= Volterra operator =

Bounded linear operator

In mathematics, in the area of functional analysis and operator theory, the Volterra operator, named after Vito Volterra, is a bounded linear operator on the space L^{2}[0,1] of complex-valued square-integrable functions on the interval [0,1]. On the subspace C[0,1] of continuous functions it represents indefinite integration. It is the operator corresponding to the Volterra integral equations.

==Definition==
The Volterra operator, V, may be defined for a function f ∈ L^{2}[0,1] and a value t ∈ [0,1], as

$V(f)(t) = \int_{0}^{t} f(s)\, ds.$

==Properties==
- V is a bounded linear operator between Hilbert spaces, with kernel form$$Vf(x) = \int_0^1 1_{y \leq x} f(y) dy$$ proven by exchanging the integral sign.
- V is a Hilbert–Schmidt operator with norm $\|V\|_{HS}^2 = 1/2$, hence in particular is compact.
- Its Hermitian adjoint has kernel form$$V^*(f)(x) = \int_{x}^{1} f(y)dy = \int_0^1 1_{y \geq x} f(y)dy$$
- The positive-definite integral operator $K := V^* V$ has kernel form$$Kf(x) = \int_0^1 \min(1-x, 1-y) f(y) dy$$proven by exchanging the integral sign.

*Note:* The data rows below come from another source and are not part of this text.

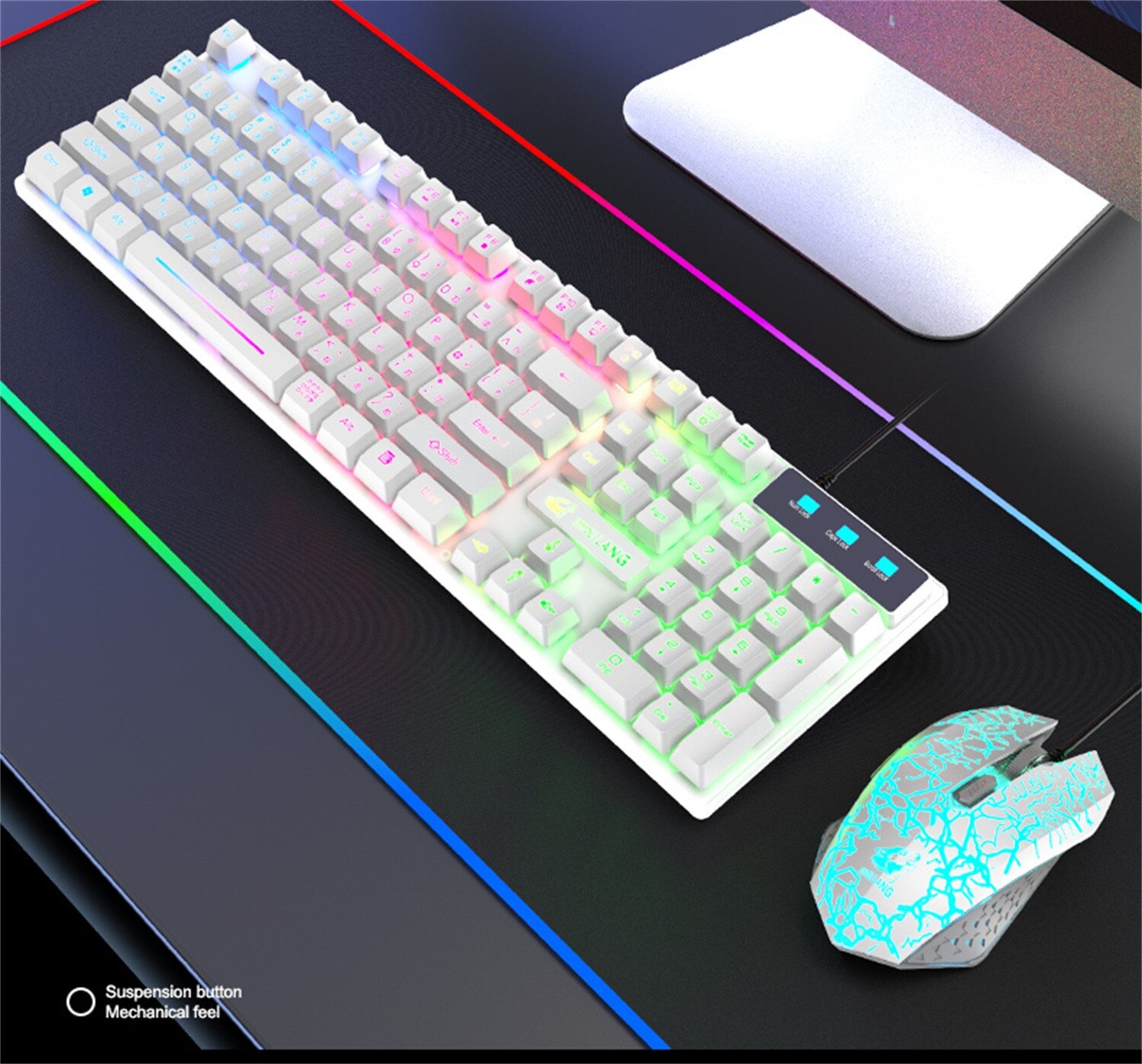 Japanese Rainbow RGB multi-backlit USB cable game radium luminous hanging 104 key keyboard and 2400 adjustable DPI mouse set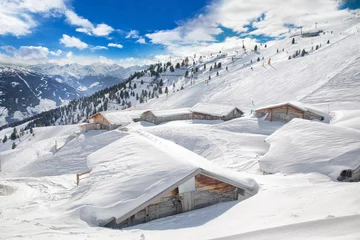 Rolgordijnen Trees covered by fresh snow in Tyrolian Alps skiing resort with wooden cottages, Zillertal, Austria © Eva Bocek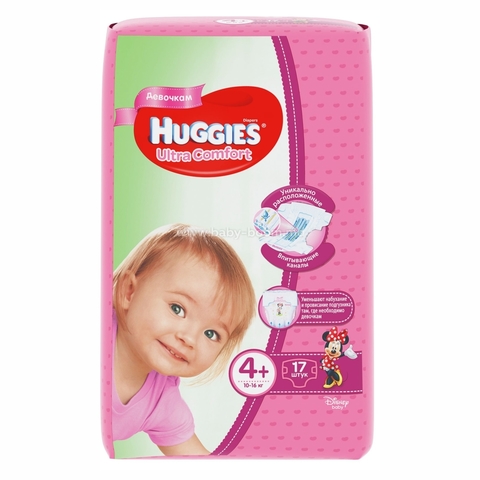 Подгузники HUGGIES Ультра Комфорт д/девочек 17 шт №4+ 10-16 кг РОССИЯ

Similarly, $VV^*$ has kernel $\min(x, y)$. They are unitarily equivalent via $Uf(x) = f(1-x)$, so both have the same spectrum.
- The eigenfunctions of $VV^*$ satisfy $$\begin{cases}
f(1) &= 0 \\
f'(0) &= 0 \\
f(x) &= -\lambda^{-1} f
\end{cases}$$ with solution $$f(x) = \sin((k+1/2) \pi x), \lambda = \left(\frac{1}{(k+ 1/2) \pi}\right)^2$$with $k = 0, 1, 2, \dots$.
- The singular values of V are $((k + 1/2) \pi)^{-1}$ with $k = 0, 1, 2, \dots$.
- The operator norm of V is $2/\pi$.
- V is not trace class.
- V has no eigenvalues and therefore, by the spectral theory of compact operators, its spectrum σ(V) = {0}.
- V is a quasinilpotent operator (that is, the spectral radius, ρ(V), is zero), but it is not nilpotent operator.